I’ve got files. I want to send those files to another computer that I have ssh access to. What do I do?
Secure File Copy
I’d assume most who have used ssh in some capacity are familiar with
the program scp
.
Excerpt from man page scp(1):
scp copies files between hosts on a network.
scp uses the SFTP protocol over a ssh(1) connection for data transfer, and uses the same authentication and provides the same security as a login session.
scp will ask for passwords or passphrases if they are needed for authentication.
Say you want to transfer folder of files to some remote machine’s
user’s folder. Say the folder is called x
, the remote machine is
called remote
and the remote user is called user
. The invocation
of scp would look like
scp -r x user@remote:~/folder
where -r
stands for recursive. The right hand is a classic URL
construction and is both intuitive and universal on the *nix’s.
Why I hate SCP
Well actually I don’t really? It’s an acceptable program for what it’s meant to do. It’s simple and only requires SSH. But it’s not very smart, which makes it wasteful.
It craps itself when your connection drops
If partway through a transfer the connection drops, maybe your internet drops for whatever reason or the remote machine dies, SCP will just stop. If you invoke it again, it will start right from the beginning of the file.
It has no sense of caching in files
Let’s say I have the same file on my machine as the remote machine. I
add a newline then copy it over to the remote. scp
will copy the
entire file, byte by byte, to the remote machine even though the
actual difference between the two is only one byte.
It has no sense of caching in folders
Let’s say I have the same folder of files on my machine as the remote
machine. I add a file to the folder. scp
will copy the entire
folder, file by file, byte by byte to the remote machine despite only
realistically needing to copy one file.
You may argue that this is entirely the caller’s fault; if they want to only copy the specific new file they should do so manually. To that I say: why can’t the program figure that out for me?
With that, I introduce…
Rsync: The only copy program you’ll ever need
Rsync is another file copy program for the *Nix’s. It usually uses a SSH connection to send and receive data, but it can use other mediums for a connection. It can even transfer files on the same machine1. It requires the rsync program present on both the origin and the remote, but that’s a small requirement for the returns this program can bring.
Rsync’s claim to fame is the delta transfer algorithm. When
transferring some file, rsync can calculate the difference between the
origin and the remote’s version of the file. Rsync will only transfer
this delta (the updated portions) over the wire. This, of course,
speeds up transfers. The speedup is most apparent with large folders
where deltas are recursively computed for each member of the folder,
such that only new changes across the entire folder are sent over the
wire. These deltas can even be compressed via a variety of
compression programs such as xz
or zstd
to make the transfers even
smaller.
You can see clearly why rsync needs to be installed on both sides of the transfer: the program both computes a diff between the origin and the remote’s versions of a file, and applies the diff on the remote. Having a program on both sides also means transfers can be paused or dropped half way then resumed later: figuring out what’s left to transfer of a file is the same as computing the remaining delta to send.

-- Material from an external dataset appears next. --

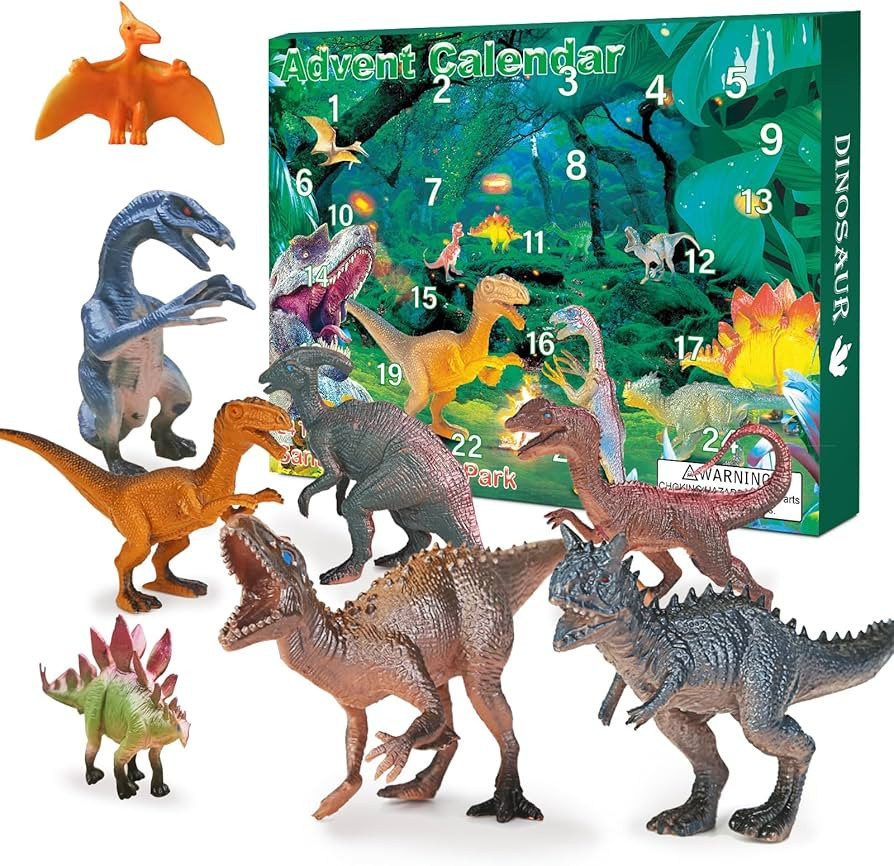 Christmas Advent Calendar 2024 Realistic Dinosaur Figurine Décor Xmas 24 Days Countdown Calendar... | Amazon (US)
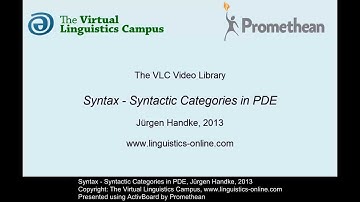 SYN101 - Syntactic Categories in PDE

You may say that this would’ve been useful in ye olde days when internet speeds were very slow, while nowadays internet speeds and storage sizes are so large that this is a negligible speed increase. I argue that it doesn’t matter if internet speeds are faster; transferring a 1GB folder will always be noticeably slower than transferring the 10MB delta.
-
This seems pointless but with delta-transfer it’s actually quite fast at doing rather large copies. ↩︎